Il a fallu 24 jours à Ipséité pour être certifié disque de platine, et  21 à Lithopédion pour en arriver au même point. Malgré un meilleur démarrage en première semaine, le troisième album studio du rappeur belge a vu ses ventes baisser de 61% dès sa deuxième semaine d’exploitation, contre 58% pour Ipséité au bout de quatre semaines d’exploitation ! Cette fragilité de l’exploitation du projet sur la durée est due à une proportion de stream grandissante qui traduit une certaine curiosité du public, mais aussi un taux d’engagement moins important. Musicalement, le projet a reçu un accueil mitigé de la part du public, qui sans lui nier certaines qualités a du mal à la situer au niveau des deux précédentes sorties de Damso… Un facteur qui n’a pas manqué d’influer les ventes.

Electron Libre 2 est sorti le 17 février 2017, sa certification intervient plus d’un an après la sortie du projet, ce qui indique une audience certes moins importante que celle de certaines têtes d’affiches, mais aussi très fidèle sur la durée. Premier disque d’or de la carrière du rappel du XVIIème arrondissement de paris, il vient consacrer un parcours musical plus qu’honorable et une certaine notoriété parmi les amateurs du genre. Atout des artistes de moyenne ampleur, la fidélisation du public par le biais du marketing de proximité permet d’obtenir des taux d’engagements très importants et donc d’optimiser sa portée sur les plateformes de streaming. A noter que le rappeur avait également invité des artistes aux profils plus ou moins similaires sur le projet, à savoir Jok’Air et Haristone.
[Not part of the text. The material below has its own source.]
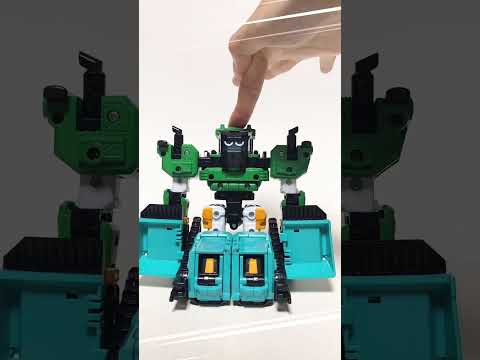 Gambar Metal Cardbot Robot Buster Gallon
Sorti le 23 février dernier, Rien à branler a réalisé un démarrage à 25.040 exemplaires qui l’a propulsé vers le disque d’or, obtenu le 20 mars soit après moins d’un mois d’exploitation. A noter cependant qu’après l’obtention du disque d’or, les ventes hebdomadaires du rappeur ont progressivement baissé jusqu’à passer en-dessous de la barre des 2.000. Malgré tout, l’exploitation sur la durée du projet lui permet de décrocher un disque de platine un peu moins de 6 mois après sa sortie. Lorenzo, qui semble profiter de son statut ambigu à cheval entre l’art et l’humour, est parvenu à faire de ce premier album studio une véritable success story commerciale et ouvre la voie à de nouvelles réussites.
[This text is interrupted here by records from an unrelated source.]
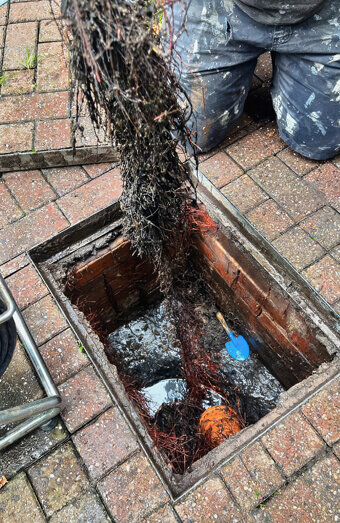 https://blockeddrainsmenora.com.au/uploads/2025/07/hero-blocked-sewers-68349.jpg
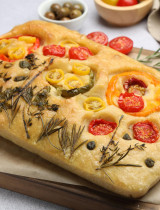 Focaccia so zeleninou zo záhradky: Jednoduchý recept na nadýchaný taliansky chlieb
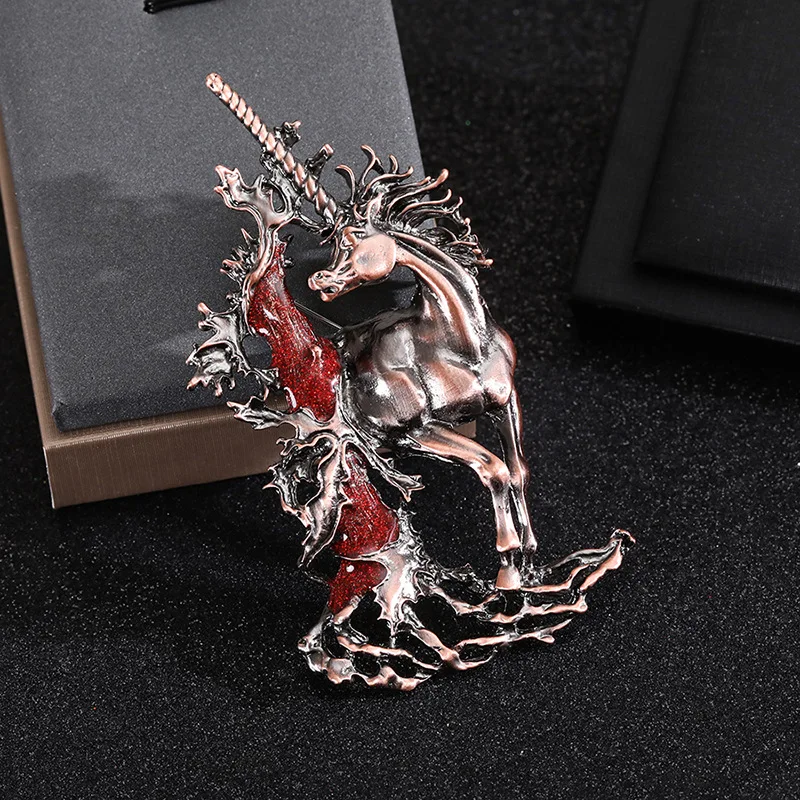 Baroque Luxury Horse and Unicorn Design Brooches for Men and Women, Jewelry and Accessories, Wedding, Holiday, and Party Gifts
➡ Récapitulatif des singles certifiés or, platine et diamant

Plus de trois mois après sa mise en ligne, le clip de Va Bene se classe encore en quatrième position des clips les plus regardés en France, entre Djadja d’Aya Nakamura et Santana d’Alonzo, également extrait de la B.O à succès de Taxi 5. Avec 135 millions de vues sur YouTube, plus de 19 millions de streams sur Spotify, il se place également en 15ème position du top France sur Deezer derrière Smog de Damso. Autant dire que le titre un un véritable hit qui participe grandement au maintient de L’Algérino dans le top ventes hebdomadaire avec son dernier album en date International. Il a également contribué à l’exploitation très réussie de la B.O de Taxi 5 signée DJ Kore, qui s’approche du disque de platine avec 76.441 ventes cumulées.
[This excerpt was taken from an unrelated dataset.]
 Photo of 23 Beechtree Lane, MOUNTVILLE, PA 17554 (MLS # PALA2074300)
La collaboration de Naps, dont le dernier album A l’Instinct compte plus de 110.000 ventes cumulées, et de l’étoile montante Soolking signée sur le label de Fianso Affranchis Music ne pouvait que donner naissance à un hit en puissance, et le résultat n’a pas manqué de se faire sentir. Plus de trois mois après sa sortie, le clip est encore le 15ème le plus regardé en France, avec plus de 60 millions de vues au compteur sur YouTube et plus de 8 millions de streams sur Spotify. Le succès du titre laisse augurer des chiffres impressionnants pour les sorties à venir de Soolking, qui n’a pour le moment dévoilé aucun projet solo et a misé son développement artistique sur des clips YouTube qui rencontrent un énorme succès.